*WHAT TO WORK ON*. Take the material below and extract the lines from the one with "Meet your Posher, Sharifa" through the one with "Stray Kids Skz GIF", word for word, without pictures.
------------------------------------------------------------
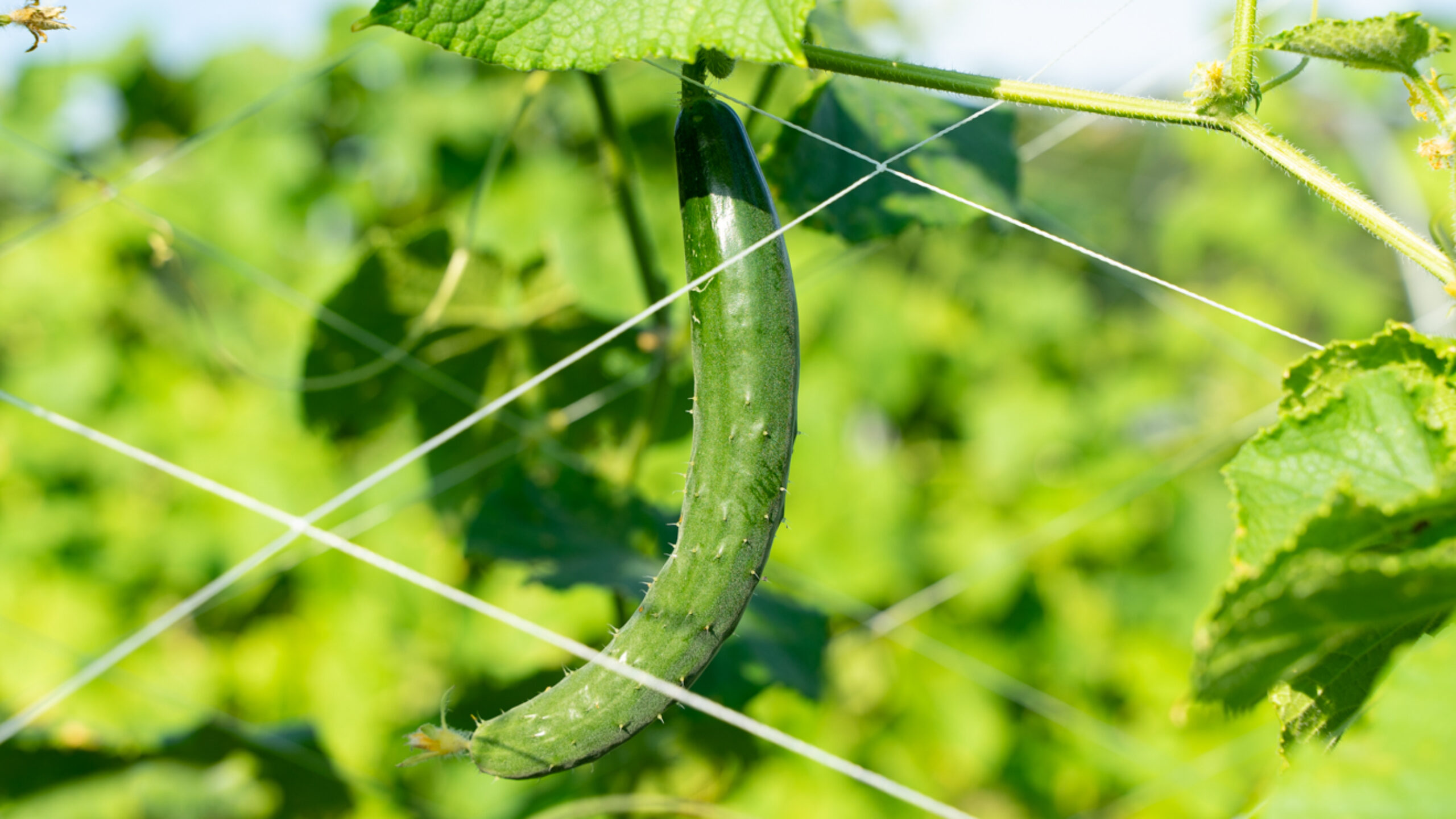 野菜のはなし「きゅうり」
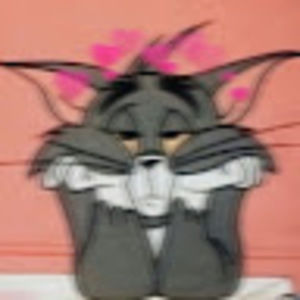 Meet your Posher, Sharifa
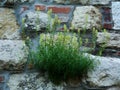 Green and yellow wildflower plant growing out of stone wall cracks Royalty Free Stock Photo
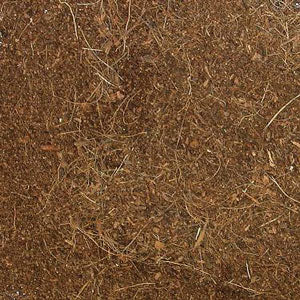 Zoo Med Eco Earth® Coconut Fiber Substrate Zoo-Med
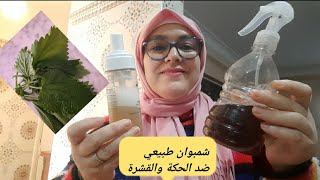 شمبوان الاعشاب بالرغوة بعشبة خطيرة ضد الحكة والقشرة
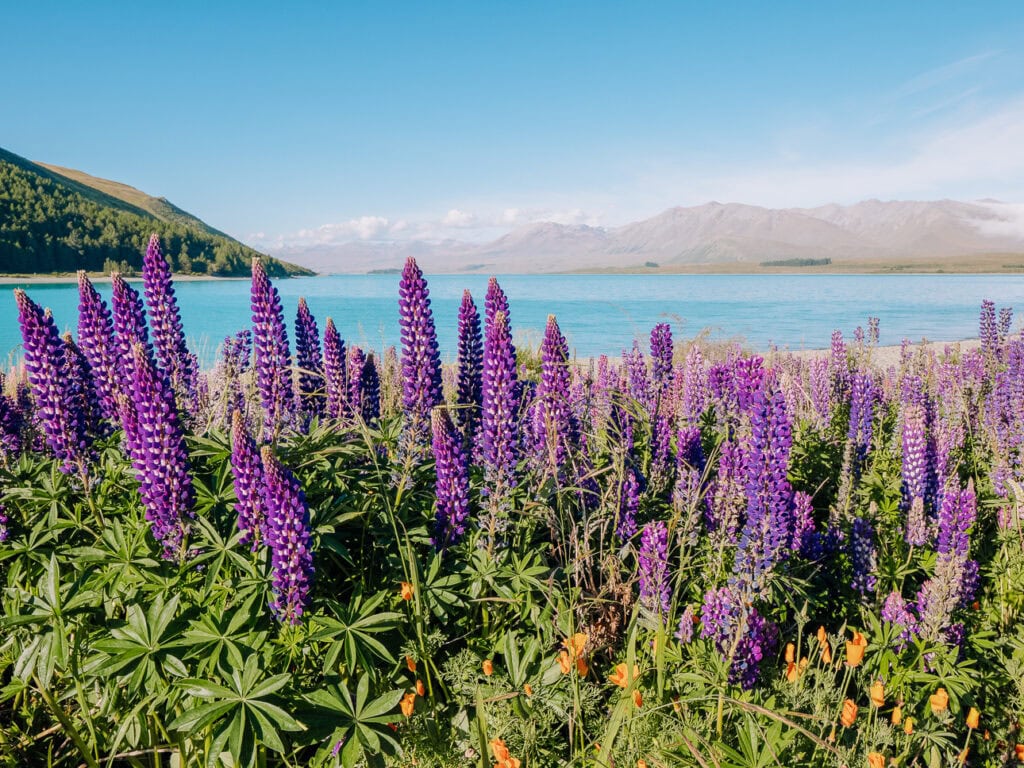 Pink and purple lupins flowering on the shore of Lake Tekapo on a bright sunny day
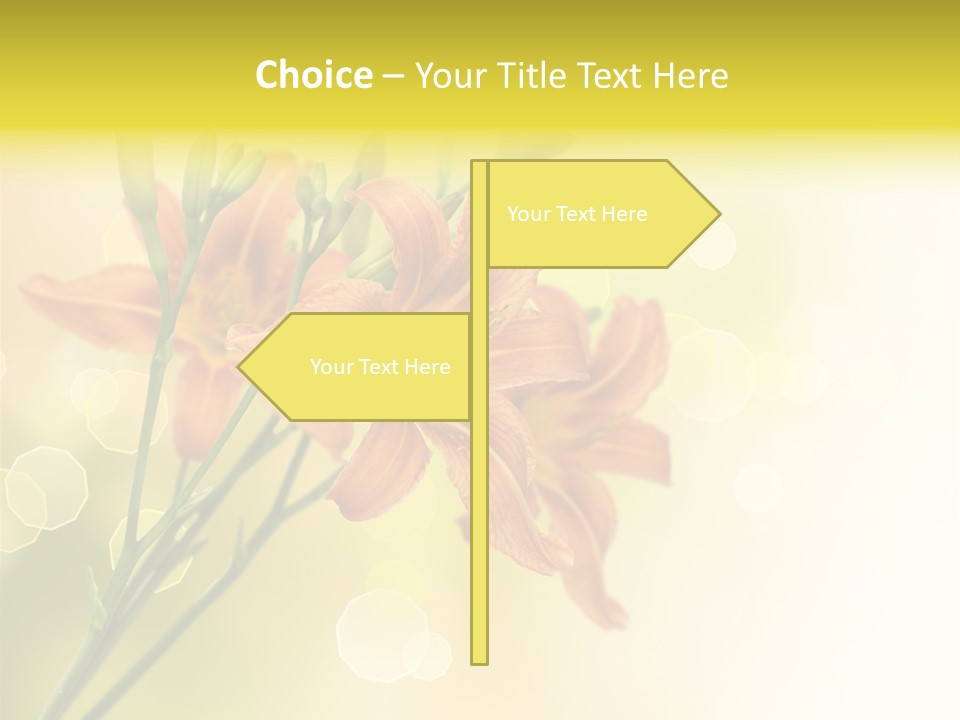 Template Lilly Passion PowerPoint Template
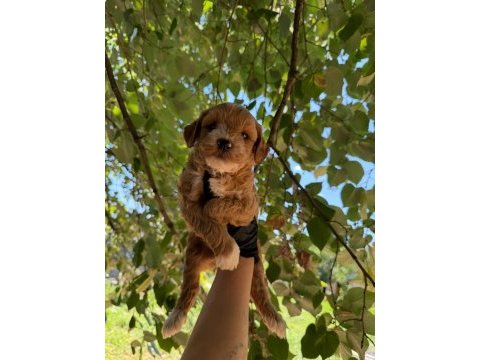 Maltipoo bebekler 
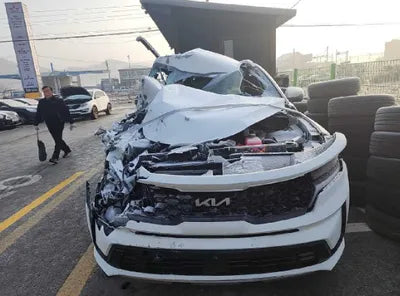2023 Kia Sorento KNARK81GBPA167065 VIN:KNARK81GBPA167065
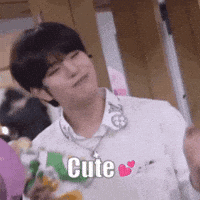Stray Kids Skz GIF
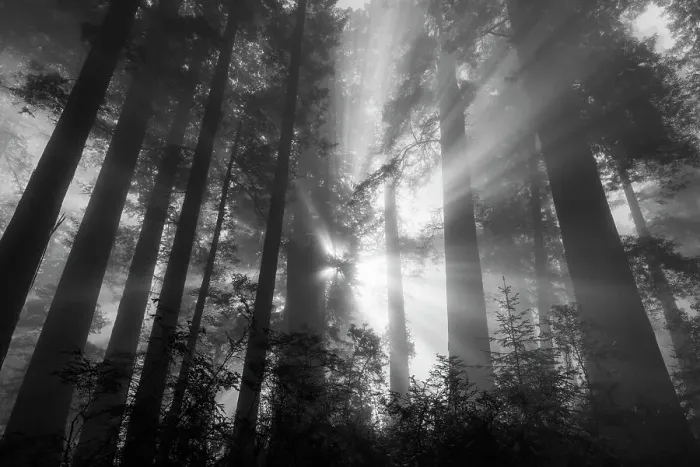 Framed Print : Fog rays in the redwoods at Lady Bird Johnson Grove in redwood National and State Park in Humbolt County, California, USA Framed Print : Fog rays in the redwoods at Lady Bird Johnson Grove in redwood National and State Park in Humbolt County, California, USA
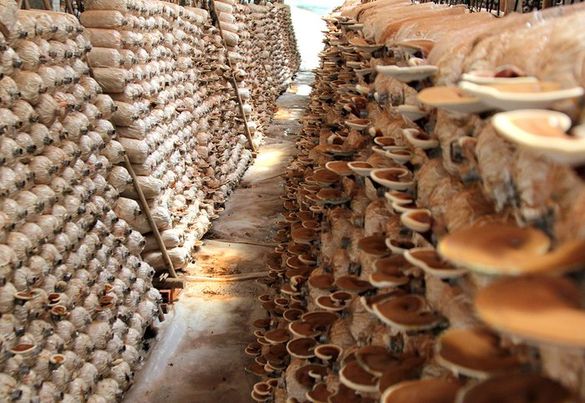 REISHI MUSHROOM - Image 7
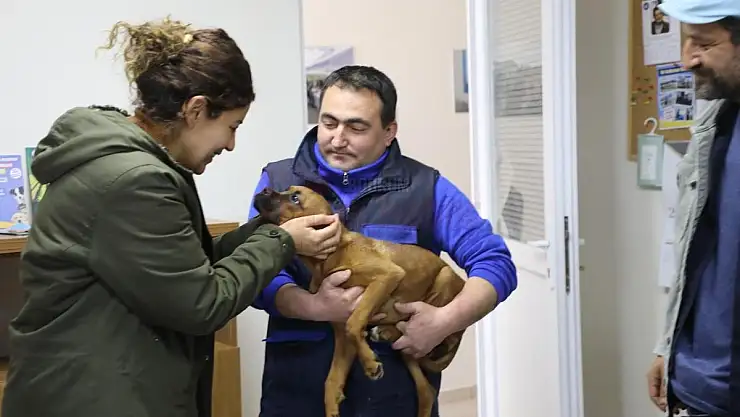 Büyükşehir 3 bin 83 Candostu Sahiplendirdi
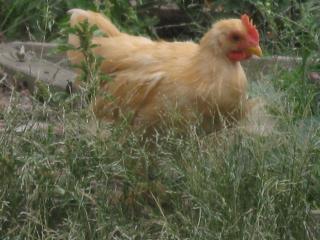 38845_chicks_072.jpg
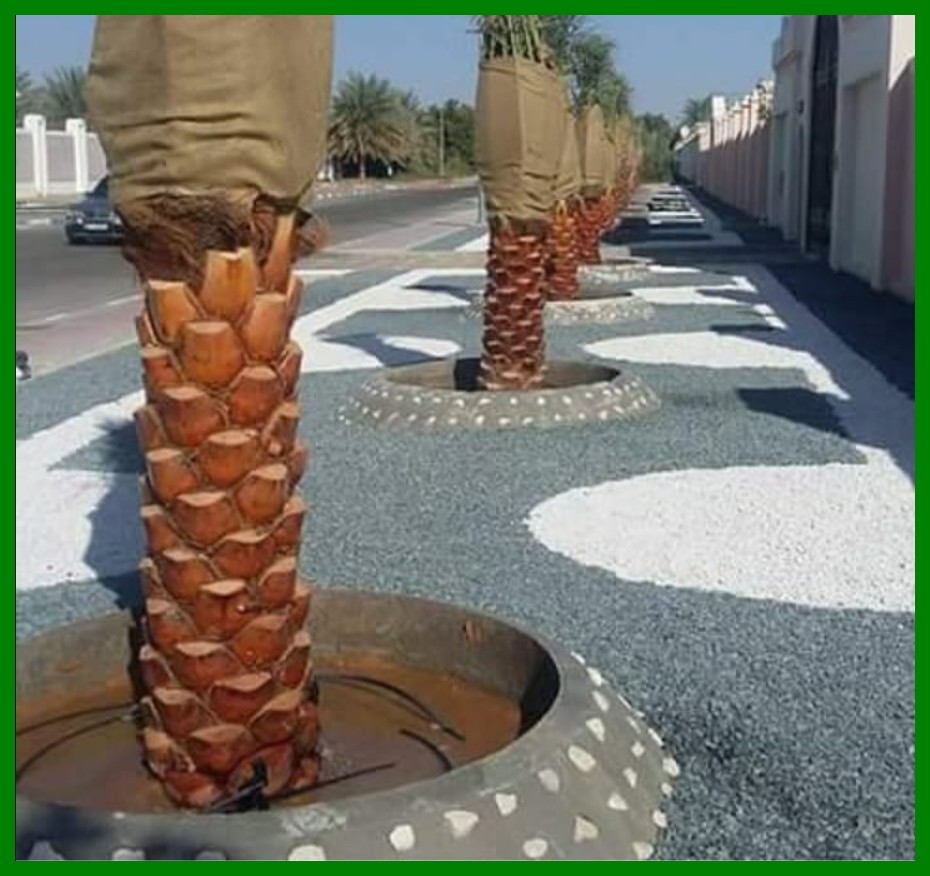 شركة تكريب النخيل بجدة 0541059930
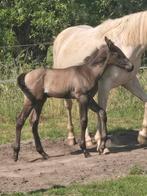 te huur boerderij hoeve of loods  om streken wetteren liefs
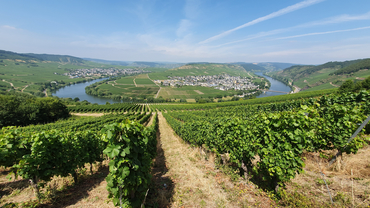 Fahrradtour an der Mosel mit Lauschtour-App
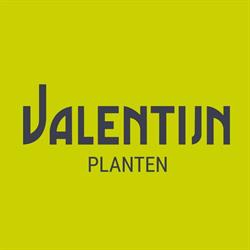 Bloem en styling Valentijn, Sneek openingstijden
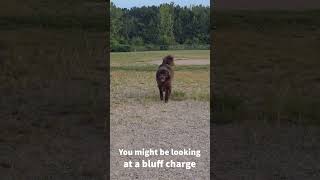 Does this dog look like a bear big newfie newfoundland newfoundlanddog [upl. by Ilrebma]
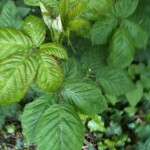 Blackberry leaves (photo: Sarah Lockett)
------------------------------------------------------------
*ANSWER TO THIS EXERCISE*.
 Meet your Posher, Sharifa
 Green and yellow wildflower plant growing out of stone wall cracks Royalty Free Stock Photo
 Zoo Med Eco Earth® Coconut Fiber Substrate Zoo-Med
 شمبوان الاعشاب بالرغوة بعشبة خطيرة ضد الحكة والقشرة
 Pink and purple lupins flowering on the shore of Lake Tekapo on a bright sunny day
 Template Lilly Passion PowerPoint Template
 Maltipoo bebekler 
2023 Kia Sorento KNARK81GBPA167065 VIN:KNARK81GBPA167065
Stray Kids Skz GIF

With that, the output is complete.